Generational contrasts also stand out. Respondents over 66 rank highest for balanced diets and calmer stress perception but sit only slightly less than the national average. Younger adults exhibit the reverse pattern: they show stronger abstinence from alcohol yet fare poorly on nutrition and stress management. These cross-currents help explain why merely two percent of the entire sample qualify as “fully healthy” under the report’s tight composite definition.
Methodology and benchmark shifts in 2025 report
The apparent plunge from 17 percent fully healthy in 2023 to two percent in 2025 partly reflects new research design. While earlier editions relied exclusively on telephone interviews, this year’s investigators split their sample between telephone and an online questionnaire. Project co-author Birgit Sperlich argues that web forms encourage more candid answers and reduce social desirability bias, particularly for sensitive topics such as drinking habits.
Benchmark revisions further sharpened the lens. Occasional alcohol, once tolerated, now disqualifies a respondent from the healthiest category, and vaping counts as smoking. When analysts recalculated 2025 data with the old thresholds and telephone responses alone, the share of fully healthy individuals rose to 12 percent, underscoring how measurement choices shape public-health headlines.

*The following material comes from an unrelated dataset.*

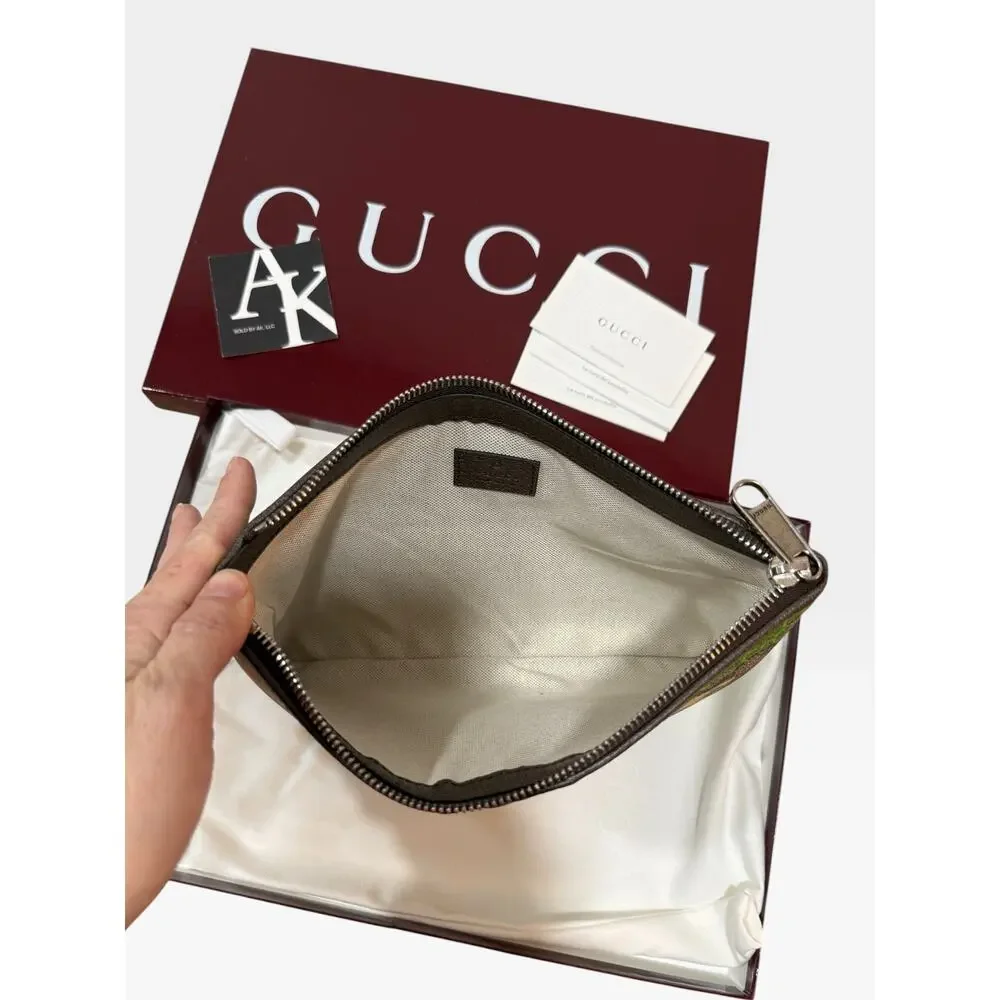 Gucci GG Monogram Camouflage Pouch Green Yellow Brown Double G Clutch NIB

Experts call for action on sedentary culture
Specialists say reversing the Germany sitting time record will demand changes at home, school and work. Froböse advocates structured active breaks during office hours, mandatory physical-education credits at universities and urban design that favours cycling and walking. He emphasises that diet and movement reinforce each other: people who exercise regularly are likelier to prepare balanced meals and feel less psychological strain.
Public-health agencies plan to extend campaigns that encourage muscle-strengthening routines, because only a third of adults perform such workouts twice a week. Employers are also under pressure to rethink open-plan layouts dominated by seated screens. Without systemic shifts, researchers caution, the nation could face surging healthcare costs linked to sedentary disorders even as life expectancy edges upward.